2024-10-29 Better Sample Data Meeting notes

\uD83D\uDDD3 Date

15 Oct 2024

\uD83D\uDC65 Participants

Yogesh Kumar, Lee Braginsky, Charlotte Whitt , Kristin Martin Autumn Faulkner(NA) , Alissa Hafele(regrets) Tod Olson

\uD83E\uDD45 Goals

Follow up on the status of discussion topics and task

\uD83D\uDDE3 Discussion topics

Time

Item

Notes

Letter to Risk Office at Michigan State University Libraries

Stanford is working on sample authority data to be ready soon for the snapshot environment.

Follow up on activities since last meeting:
1. Update on - Golden copy for Bugfest environment.
2. Update on - Work on a small data set for FOLIO Snapshot.
3. Update on POC findings - write robust data anonymization scripts

Finalize the letter for the MSU dean.

The topic was on the agenda for today’s meeting with the OLF Officers. The plan was to attend and present the purpose of the letter and our draft document.
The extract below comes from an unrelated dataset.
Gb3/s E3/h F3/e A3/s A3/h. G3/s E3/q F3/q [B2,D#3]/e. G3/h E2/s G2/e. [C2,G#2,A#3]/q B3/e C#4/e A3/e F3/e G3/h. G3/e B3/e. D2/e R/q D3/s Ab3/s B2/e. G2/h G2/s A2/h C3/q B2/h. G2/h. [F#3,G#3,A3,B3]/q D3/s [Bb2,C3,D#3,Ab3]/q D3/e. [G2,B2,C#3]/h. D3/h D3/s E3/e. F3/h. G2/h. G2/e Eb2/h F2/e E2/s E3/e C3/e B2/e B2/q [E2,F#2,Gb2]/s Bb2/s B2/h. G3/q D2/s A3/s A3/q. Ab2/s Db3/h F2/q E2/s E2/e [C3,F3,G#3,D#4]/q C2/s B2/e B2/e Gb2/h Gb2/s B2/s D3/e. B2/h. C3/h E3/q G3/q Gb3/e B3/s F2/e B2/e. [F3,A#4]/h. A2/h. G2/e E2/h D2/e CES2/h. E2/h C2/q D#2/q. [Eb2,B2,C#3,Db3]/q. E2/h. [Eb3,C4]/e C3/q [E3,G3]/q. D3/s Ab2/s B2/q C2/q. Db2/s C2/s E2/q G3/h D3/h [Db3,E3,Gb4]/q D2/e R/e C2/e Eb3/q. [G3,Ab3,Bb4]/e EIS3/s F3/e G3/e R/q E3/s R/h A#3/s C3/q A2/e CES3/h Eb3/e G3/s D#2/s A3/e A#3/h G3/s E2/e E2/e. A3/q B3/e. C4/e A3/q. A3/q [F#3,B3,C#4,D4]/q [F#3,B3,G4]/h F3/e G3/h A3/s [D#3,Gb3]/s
We missed it - Autumn Faulkner is to forward the letter to Simeon Warner and then we will have the conversation on Slack in stead.

Kristin sent Folio and OLF images for the letterhead.
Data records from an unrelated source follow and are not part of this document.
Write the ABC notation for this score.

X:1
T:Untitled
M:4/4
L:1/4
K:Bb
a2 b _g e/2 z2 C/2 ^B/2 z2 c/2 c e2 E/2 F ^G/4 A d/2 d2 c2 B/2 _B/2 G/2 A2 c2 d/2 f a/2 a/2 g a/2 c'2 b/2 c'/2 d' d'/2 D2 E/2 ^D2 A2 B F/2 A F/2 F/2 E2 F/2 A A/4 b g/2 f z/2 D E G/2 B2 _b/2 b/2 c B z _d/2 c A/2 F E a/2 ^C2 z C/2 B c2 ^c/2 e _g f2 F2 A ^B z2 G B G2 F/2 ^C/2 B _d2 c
Autumn Faulkner- We need to finalize the Google Doc with the revised version of the letter to be brought to the

Identified MARC formatted holding records; we still need an instance to go with it.

a. Golden Copy / Yogesh Kumar

The environment was created by the Kitfox team and updated by QA. The Kitfox team is now working on fixing the issues listed here /wiki/spaces/DQA/pages/203685917

All work is done by now. Cleaning duplicate scripts is not easy, and teams are busy wrapping up Ramsons' features. Writing such scripts may be possible in the sunflower release. For Ramson, we will have to manually clean it, if needed.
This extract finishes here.